## WHAT THE TASK ASKS
Without reproducing any picture, copy the records word for word.

----- DATASET CONTENT -----

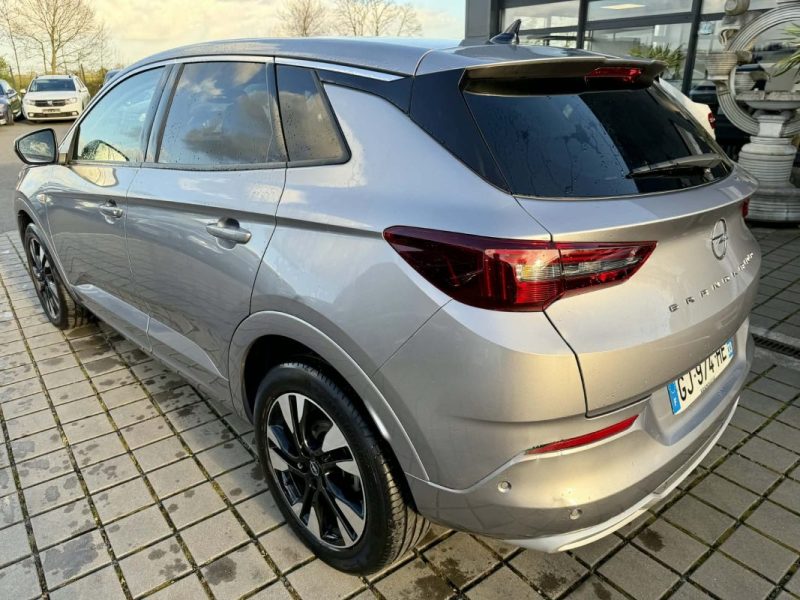 OPEL GRANDLAND 1.5 D 130CH BVA8 ELEGANCE BUSINESS 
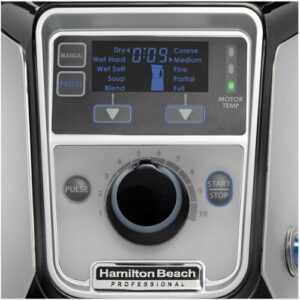 Hamilton Beach - Professional Blender - Stainless Steel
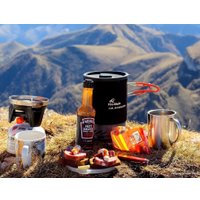 Туристическая горелка Fire-Maple Star FMS-X1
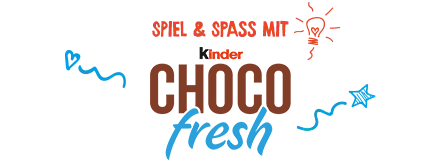 kinder Chocofresh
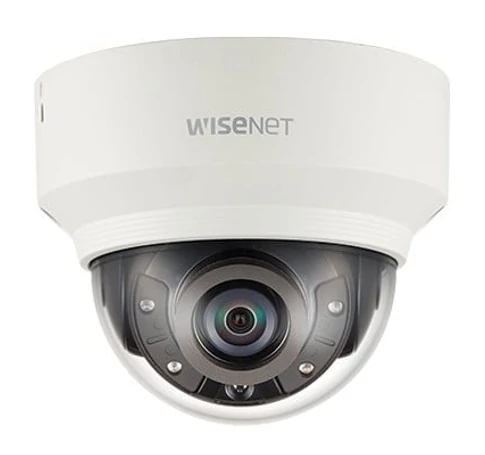 Hanwha XND-8030R biztonsági kamera Dóm IP biztonsági kamera 2560 x 1920 pixelek Plafon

-----

## RESPONSE TO THIS TASK
 OPEL GRANDLAND 1.5 D 130CH BVA8 ELEGANCE BUSINESS 
 Hamilton Beach - Professional Blender - Stainless Steel
 Туристическая горелка Fire-Maple Star FMS-X1
 kinder Chocofresh
 Hanwha XND-8030R biztonsági kamera Dóm IP biztonsági kamera 2560 x 1920 pixelek Plafon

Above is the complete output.